I tried to change SimpleSerial version in Scope settings, but it does not seem it has any effect.

Strange thing is that the Tutorial B5 with breaking AES works even with the “wrong” version (the responses seem to appear in the multiple capture). Not sure what to make of it.

Any ideas?

EDIT: tried it on two machines, Ubuntu 16.04 and Ubuntu 18.04, same result

Hi,

I am just guessing here but can you try using PLATFORM=CW303 and see if things start working?
I am suspecting #defines can not handle the CWLITEXMEGA
For example this code

Thanks, tried that, ran make clean beforehand, but the result is the same. When sending pXXXX manually, it doesn’t work, however when running traces with the “1” or “M” for single/multiple traces it seems to work. Still no idea what could be the issue.

EDIT: I found what makes the difference. When I input a short string for the p command like “p1234”, the precompiled version gives output, while the one I compiled doesn’t. When I put p with 32 nybbles, both output: p6d73ab51b78213541ffd901acdba11c6

So it seems the precompiled program is different.
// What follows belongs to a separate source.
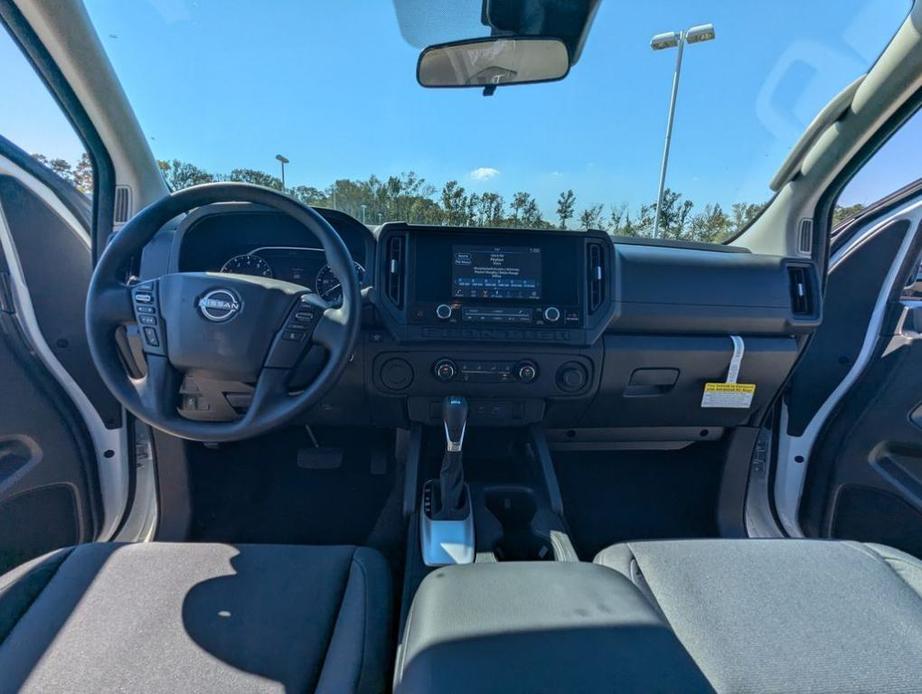 new 2025 Nissan Frontier car, priced at $33,695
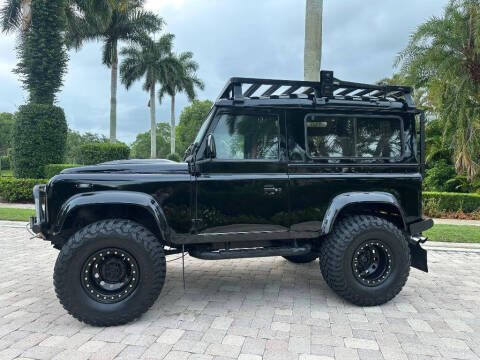 1997 Land Rover Defender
After some experimenting, I seem to be even more confused.

After flashing the hex file compiled by myself, the XMEGA responds even to things it didn’t before (like too short string - p1234), even after reset. And again it doesn’t respond anymore to short strings.

I have problems reproducing the bug, thus fixing the issue. I tried to compare the two hex files, but since they are made by different versions of compilers, simple byte-by-byte comparison is not useful. I’d need IDA or gdb.

Strange that the binary provided with ChipWhisperer responds in that case, since it shouldn’t respond if the string you send it isn’t long enough. Checking GitHub, it’s much older than simpleserial.c (where the simpleserial functions actually are). Perhaps the function didn’t check the length of what it received back then.

If we continue to provide binaries with ChipWhisperer 5, we’ll it might be a good idea to update them more often. I’ll also make sure to update the earlier tutorials so that it’s clear that commands with an incorrect length are ignored.